TASK GOAL =
Could every line of the listing be output exactly, with the pictures skipped?

GIVEN DATA =
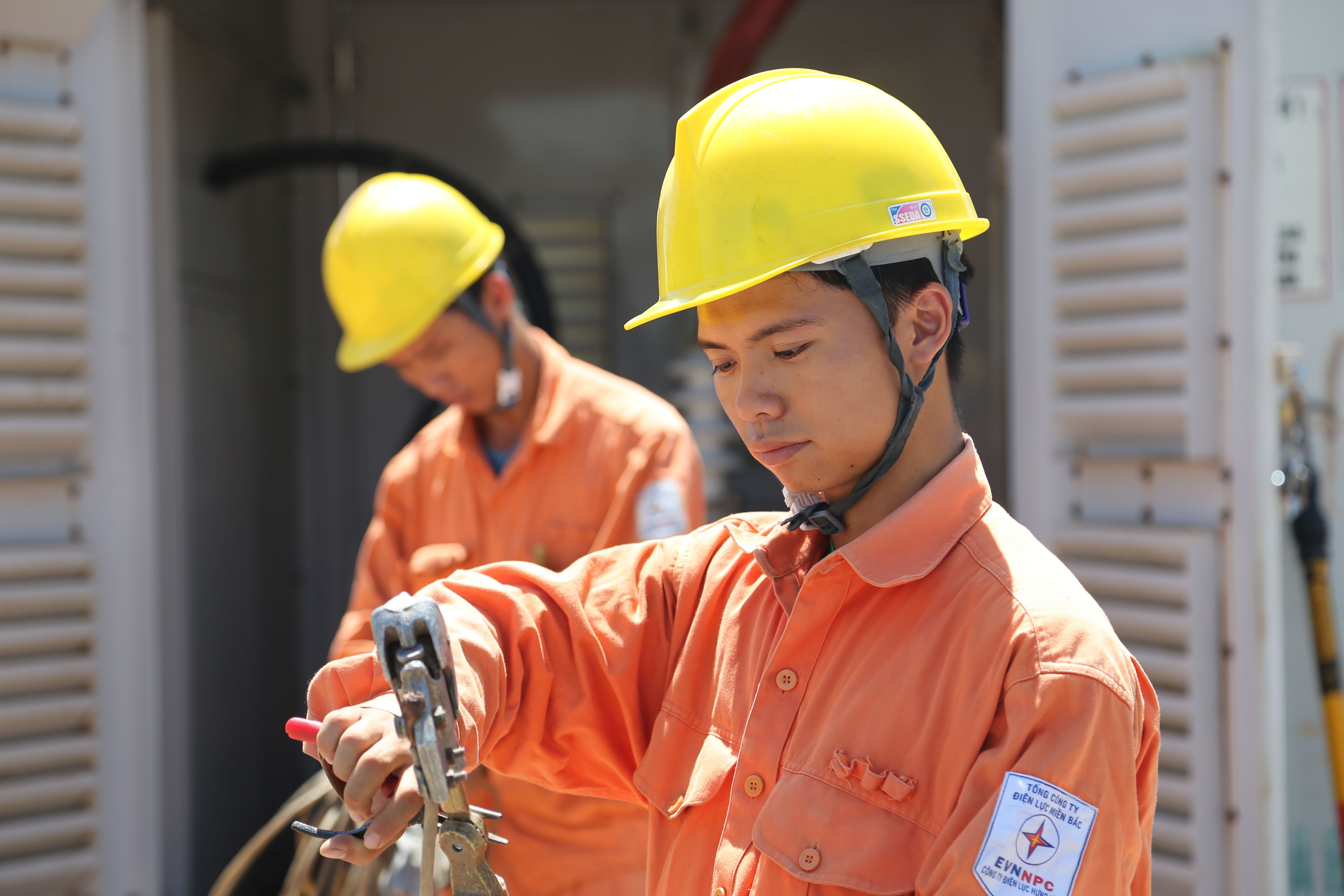 Dư luận phản ứng gay gắt việc tăng lương của tập đo&agrave;n điện lực EVN giữa đại dịch Covit-19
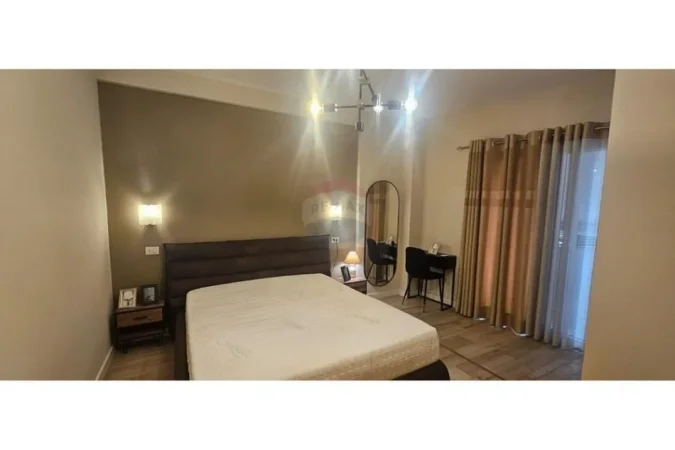 Tirane, jepet me qera apartament 1+1 Kati 5, 65 m² 600 € (ALI DEM)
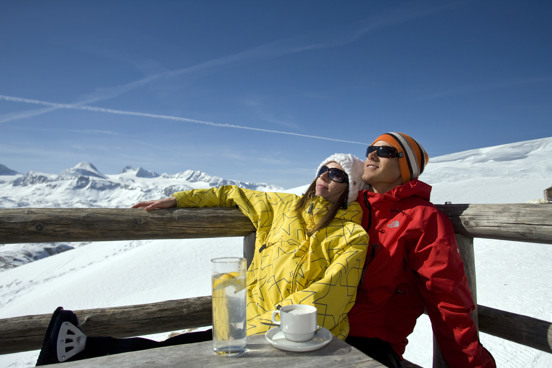 Lente skiën op de schitterende skigebieden in de Franse Alpen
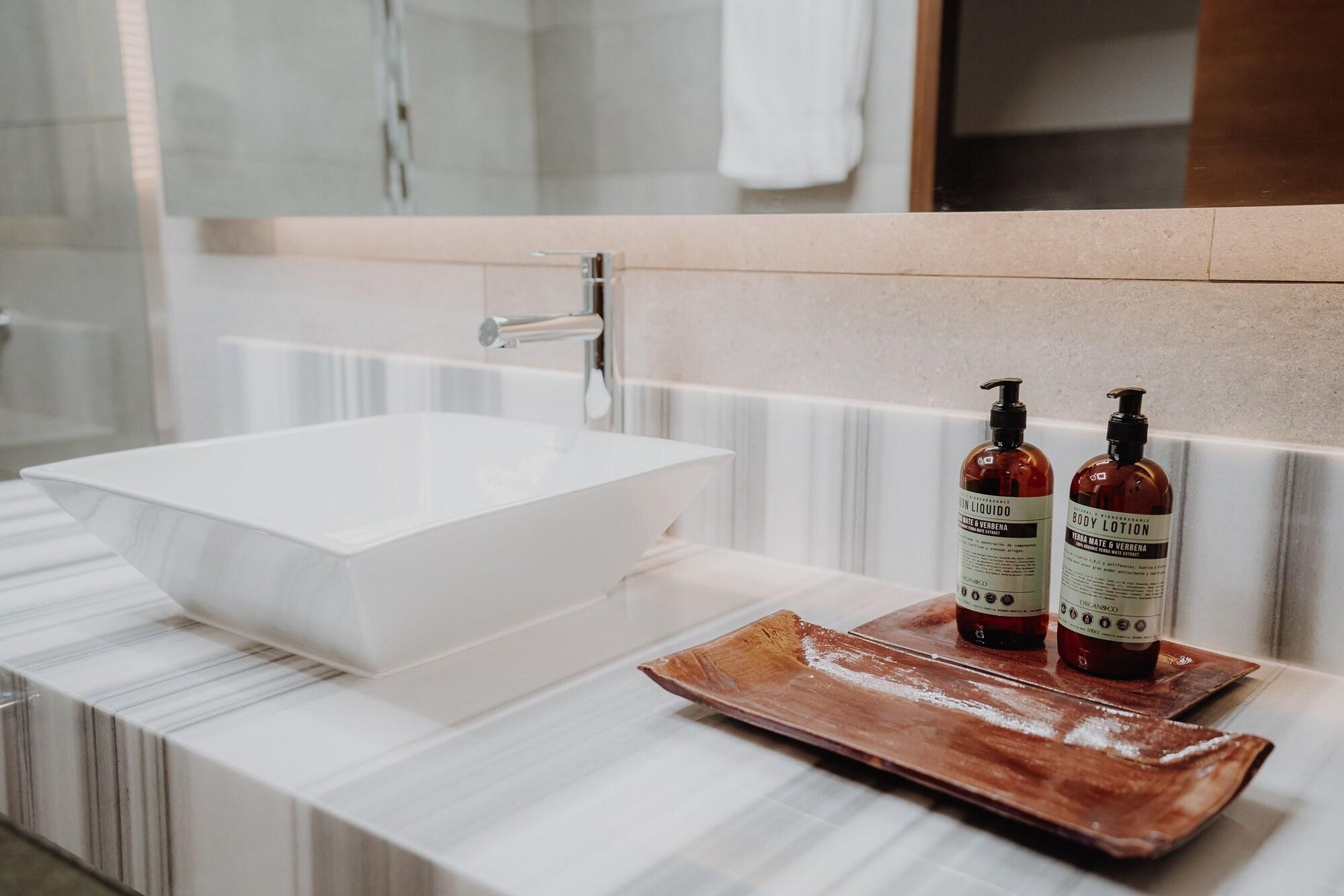 Studio King Size Bed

TASK ANSWER =
 Dư luận phản ứng gay gắt việc tăng lương của tập đo&agrave;n điện lực EVN giữa đại dịch Covit-19
 Tirane, jepet me qera apartament 1+1 Kati 5, 65 m² 600 € (ALI DEM)
 Lente skiën op de schitterende skigebieden in de Franse Alpen
 Studio King Size Bed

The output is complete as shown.